The above observation for the first time demonstrated entangled photon pair generation from an integrated 4H-SiCOI platform. Quantum information systems are very sensitive to noise, which can greatly reduce the fidelity of quantum information. This work achieved a high CAR (coincidence-to-accidental ratio) of photon pair generation (>600) and a visibility of two-photon interference fringe (>99%), experimentally demonstrating that the noise level in such an SiC platform satisfies the requirements of quantum information devices based on single photons.

Looking forward, the performance of entangled photon pair generation from spontaneous four-wave mixing of 4H-SiCOI is expected to improve as the 4H-SiC material and nanofabrication technology develop, broadening its quantum applications7. 4H-SiC possesses both second-order and third-order nonlinearity. Quantum light sources based on second-order nonlinearities such as second harmonic generation and sum frequency generation, are expected in the near future, which will also provide flexibility for wavelength conversion.
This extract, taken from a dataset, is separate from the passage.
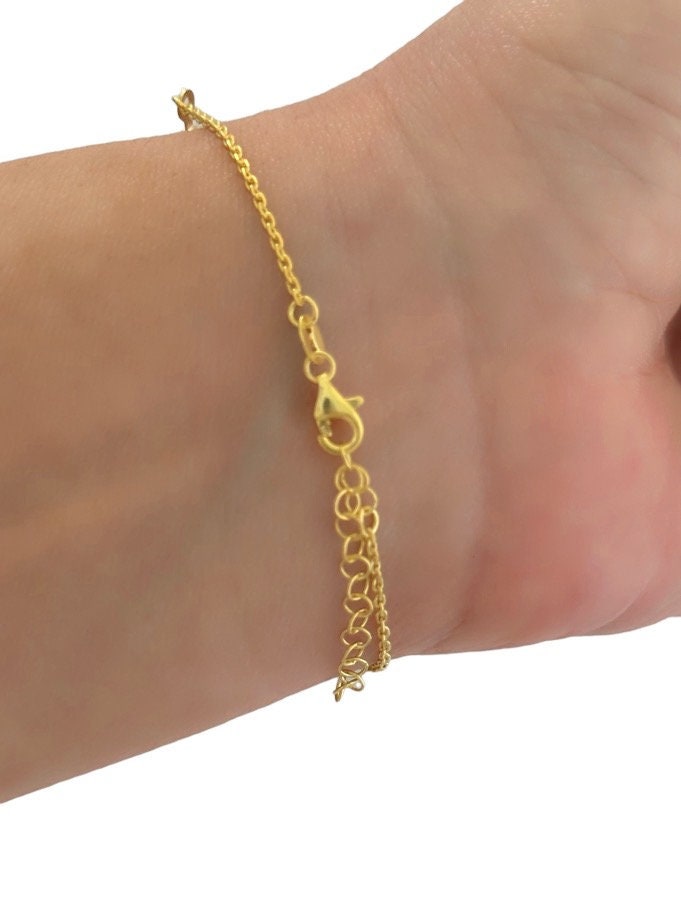 Tiny Pearl Bracelet, Gold Pearl Bracelet,  Bridesmaid Bracelet, Pearl Jewelry, Layering Bracelet, Stacking Bracelet, Minimalist Jewelry, 925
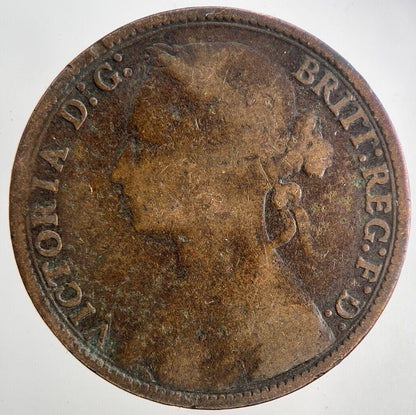 1879 Victoria One Penny Coin | Collectable Grade | a7422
It is foreseeable that the potential of the SiCOI platform will be gradually released as material quality and nanofabrication technology advance. Among the widely available polytype of SiC, 3 C and 4H, 4H-SiC shows the best crystal quality benefitting from its extensive application in power electronics. Therefore the above observation is from this polytype. 3C-SiC possesses slightly different optical properties. For now, 3C-SiCOI has demonstrated better performance in electro-optical modulation than 4H-SiCOI8. This versatility incites competition among different polytypes and speeds up the technology maturity, which in general helps SiC emerge as a promising material platform for QPIC.